As mentioned initially, another ebay vendor had Venus Rising for sale around the same time. It was illustrated with the photo in the link John M has posted. I brought it before buying the "venustum" pictured here and, although it's a while away from flowering at the moment, it will provide a good comparison when it does. By the way, the foliage of both plants is identical. I now suspect both vendors actually got their plants from the same source, it's just that one called them "venustum" and the other one Venus Rising. So it might turn out that I have two plants of this, whatever it is!

The flowers are big - 11cm across and 9cm tall. 

I'll contact the vendor and enquire about the source, just to clear up where it comes from. He actually has a large range of very 'specialist' orchids available, including many multifloral paphs, cattleyas, masdevallias and other interesting species, not the sort of things you'd get in a supermarket, garage or garden centre.

Whatever it turns out to be, I like it a lot. But I must admit to being a tad disappointed; I find the species have a charm and elegance missing in many hybrids. And, of course, I've been sold something that's not what it was advertised as, a bit like getting a Ford when you've ordered a Ferrari (ok, not quite!).

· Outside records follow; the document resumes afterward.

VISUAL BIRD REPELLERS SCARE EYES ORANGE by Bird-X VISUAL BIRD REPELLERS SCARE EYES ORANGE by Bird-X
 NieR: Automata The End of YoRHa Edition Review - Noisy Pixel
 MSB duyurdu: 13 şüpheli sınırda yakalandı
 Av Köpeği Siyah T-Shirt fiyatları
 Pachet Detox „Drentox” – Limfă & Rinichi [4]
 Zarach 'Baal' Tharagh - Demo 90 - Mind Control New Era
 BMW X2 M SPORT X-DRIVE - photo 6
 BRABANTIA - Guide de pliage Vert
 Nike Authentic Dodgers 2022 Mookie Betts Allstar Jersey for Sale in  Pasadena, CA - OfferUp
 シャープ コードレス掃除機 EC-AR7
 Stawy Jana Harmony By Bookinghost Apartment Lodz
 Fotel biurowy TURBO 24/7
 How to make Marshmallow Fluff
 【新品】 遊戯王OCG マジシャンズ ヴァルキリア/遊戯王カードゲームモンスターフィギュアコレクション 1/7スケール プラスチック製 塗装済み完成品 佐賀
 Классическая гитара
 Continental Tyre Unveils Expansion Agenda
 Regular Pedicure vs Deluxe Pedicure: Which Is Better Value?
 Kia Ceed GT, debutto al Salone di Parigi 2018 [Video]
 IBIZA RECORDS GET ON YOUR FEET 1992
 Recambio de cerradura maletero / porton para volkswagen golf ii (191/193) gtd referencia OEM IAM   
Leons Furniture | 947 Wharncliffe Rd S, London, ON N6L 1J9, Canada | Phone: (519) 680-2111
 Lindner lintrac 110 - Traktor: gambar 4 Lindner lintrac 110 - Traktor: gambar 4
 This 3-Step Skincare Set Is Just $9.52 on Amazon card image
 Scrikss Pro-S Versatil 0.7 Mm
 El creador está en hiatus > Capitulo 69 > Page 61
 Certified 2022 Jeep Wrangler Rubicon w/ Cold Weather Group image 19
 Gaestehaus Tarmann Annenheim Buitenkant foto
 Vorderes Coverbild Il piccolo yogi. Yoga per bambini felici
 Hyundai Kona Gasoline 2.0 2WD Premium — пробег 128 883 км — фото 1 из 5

Sent from my iPhone using Tapatalk


----------



## PaphMadMan (Jul 2, 2014)

Those measurements are within the upper size range for awarded venustum, big but certainly not impossible unless a third of awarded venustum are misidentified. 

I'm not arguing that it is venustum, but I think a lot has been said based on a single flower. We don't even know if this is a typical flower for this plant. The pouch doesn't fit the common mental image of vensutum, but the leaves, staminode, petals and dorsal are all pretty typical. It is likely that cultivated plants have been selected for veins since the species is distinctive for that. That doesn't necessarily mean that every plant will look like that. 

That fact is that we can never really be certain that any multi-generation cultivated plant is really what the tag says it is, and all those plants have been selected for characteristics that are not typical of the species.


----------



## Trithor (Jul 3, 2014)

I agree with all the above, JohnM, your point is well argued and backed.


----------



## Stone (Jul 3, 2014)

The leaves are pure venustum. If it were a hybrid, I doubt the leaves would hold that venustum pattern. But it may have something else in it from several generations ago.


----------



## John M (Jul 3, 2014)

Stone said:


> The leaves are pure venustum. If it were a hybrid, I doubt the leaves would hold that venustum pattern. But it may have something else in it from several generations ago.



I agree. The leaves, what we can see of them, do look very "venustum". So, this adds to the mystery even more. If this is pure venustum, it's an example of a VERY extreme variety with very little of the veining that makes venustum stand out among species. .....And without the veining, why bother with it? There are plenty of other species with similar colours, shapes and spot patterns; but, only (normal), vensutums have that spectacular veining pattern on the lip.


----------



## Stone (Jul 3, 2014)

John M said:


> I agree. The leaves, what we can see of them, do look very "venustum". So, this adds to the mystery even more. If this is pure venustum, it's an example of a VERY extreme variety with very little of the veining that makes venustum stand out among species. .....And without the veining, why bother with it? There are plenty of other species with similar colours, shapes and spot patterns; but, only (normal), vensutums have that spectacular veining pattern on the lip.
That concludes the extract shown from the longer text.